Exercise goal:
A word-for-word copy of the lines below, starting at the line with "apple salad and flowerの写真素材" and ending at the last one, is what you should give. Omit every picture.

Data for the task:
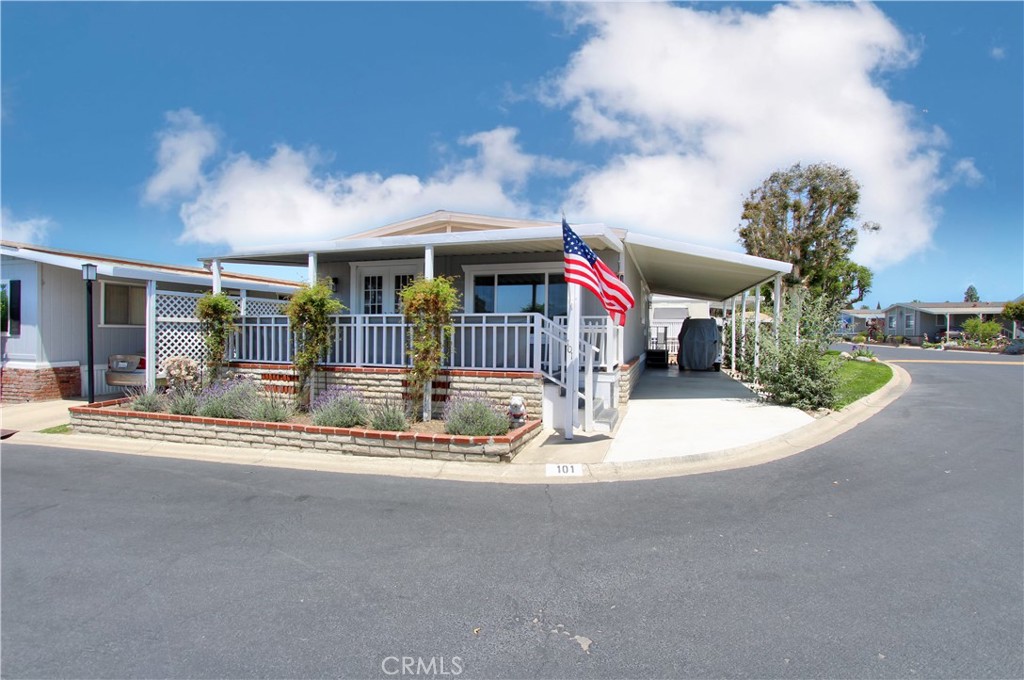a view of a house with a big yard and potted plants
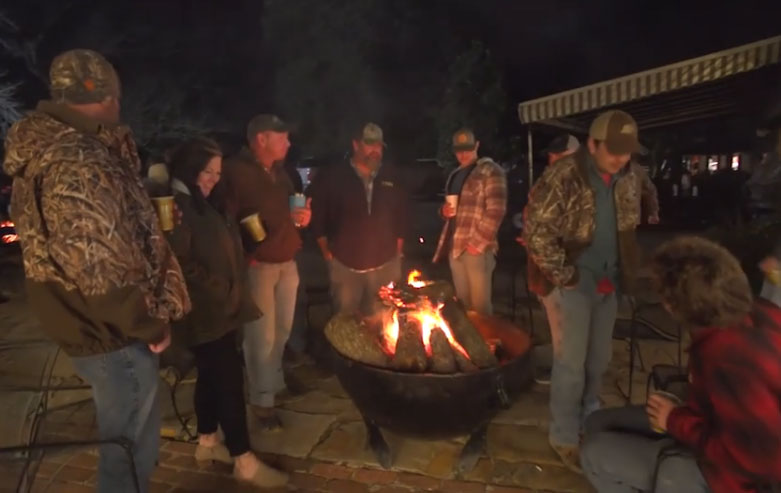 People gathered around a glowing fire pit outdoors at night, talking and holding drinks.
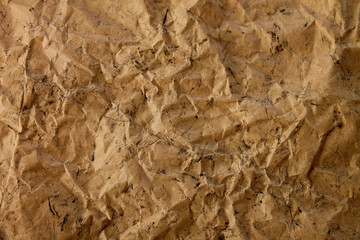 Kraft paper is brown and crumpled texture.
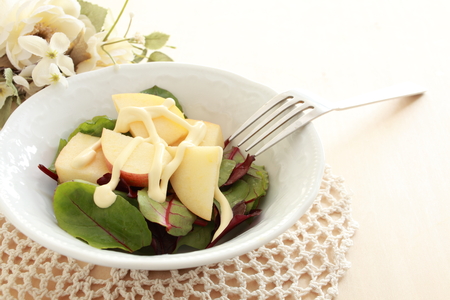 apple salad and flowerの写真素材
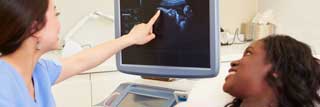 A nurse pointing to an ultrasound image of a pregnant woman's child.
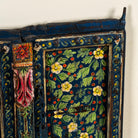 Close up image of a vintage hand-painted wall panel made from reclaimed Indian teak wood with floral blue motifs – Amol model by Om Home & Garden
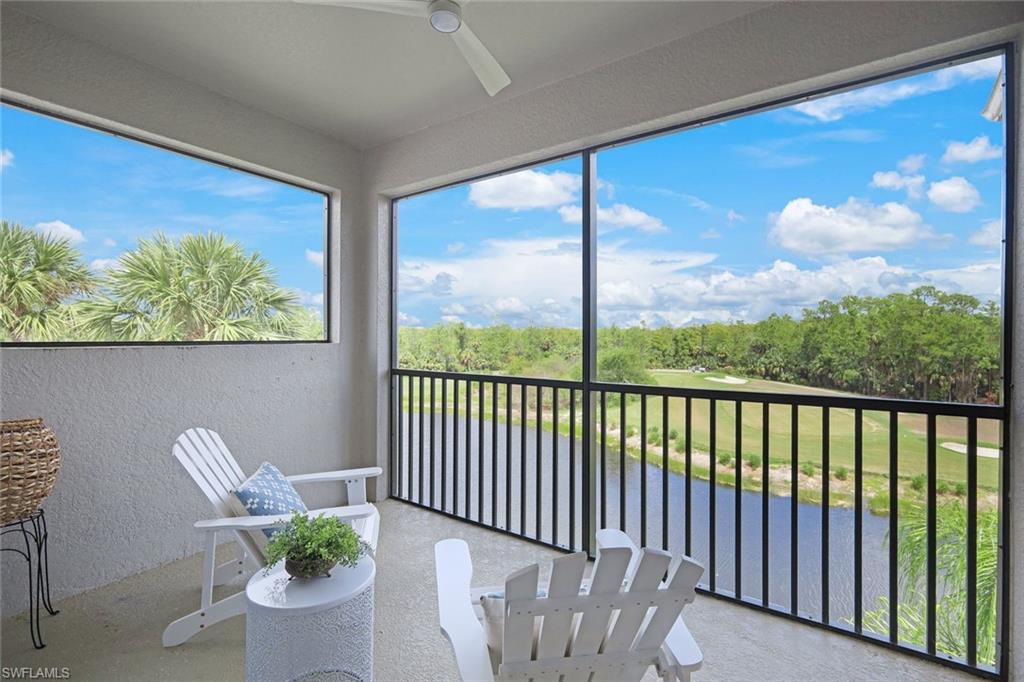 10329 Heritage Bay Boulevard, Unit 1641 Naples, FL 34120 - Photo 20 of 22 Sunroom / solarium featuring a textured wall and healthy amount of natural light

Answer space:
 apple salad and flowerの写真素材
 A nurse pointing to an ultrasound image of a pregnant woman's child.
 Close up image of a vintage hand-painted wall panel made from reclaimed Indian teak wood with floral blue motifs – Amol model by Om Home & Garden
 10329 Heritage Bay Boulevard, Unit 1641 Naples, FL 34120 - Photo 20 of 22 Sunroom / solarium featuring a textured wall and healthy amount of natural light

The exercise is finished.